▶ [ASSIGNMENT] Reproduce verbatim all of the data given below, but do not carry over the images.

▶ [DATA SECTION]

▽

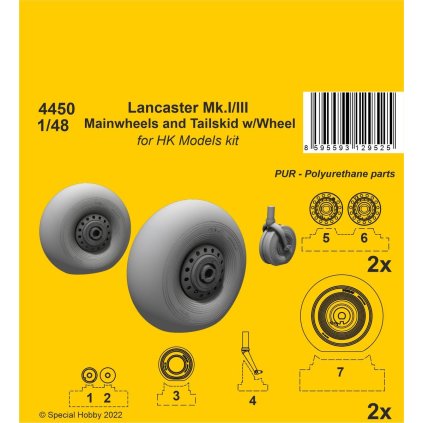 23705 1 1 48 lancaster mk i iii mainwheels and tailwheel w leg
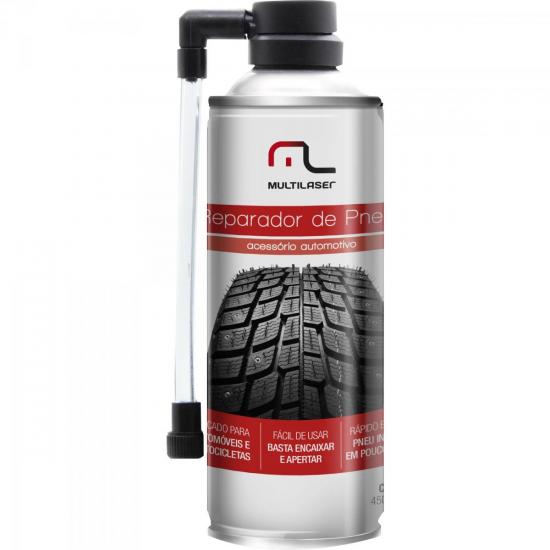 Spray Reparador Para Pneus AU400 MULTILASER por 0,00 à vista no boleto/pix ou parcele em até 1x sem juros. Compre na loja Mundomax!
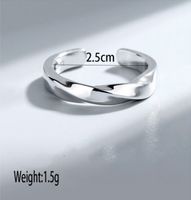 Großhandel Schmuck Einfacher Stil Geometrisch Einfarbig Legierung Offener Ring main image 2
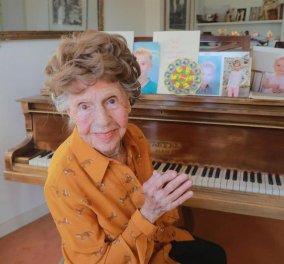 Topwoman η Colette Maze: 106 ετών η Γαλλίδα πιανίστρια θα κυκλοφορήσει το έκτο της άλμπουμ - Τροφή για την καρδιά (φώτο-βίντεο)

△

▶ [SOLUTION TO THIS EXERCISE]
 23705 1 1 48 lancaster mk i iii mainwheels and tailwheel w leg
 Spray Reparador Para Pneus AU400 MULTILASER por 0,00 à vista no boleto/pix ou parcele em até 1x sem juros. Compre na loja Mundomax!
 Großhandel Schmuck Einfacher Stil Geometrisch Einfarbig Legierung Offener Ring main image 2
 Topwoman η Colette Maze: 106 ετών η Γαλλίδα πιανίστρια θα κυκλοφορήσει το έκτο της άλμπουμ - Τροφή για την καρδιά (φώτο-βίντεο)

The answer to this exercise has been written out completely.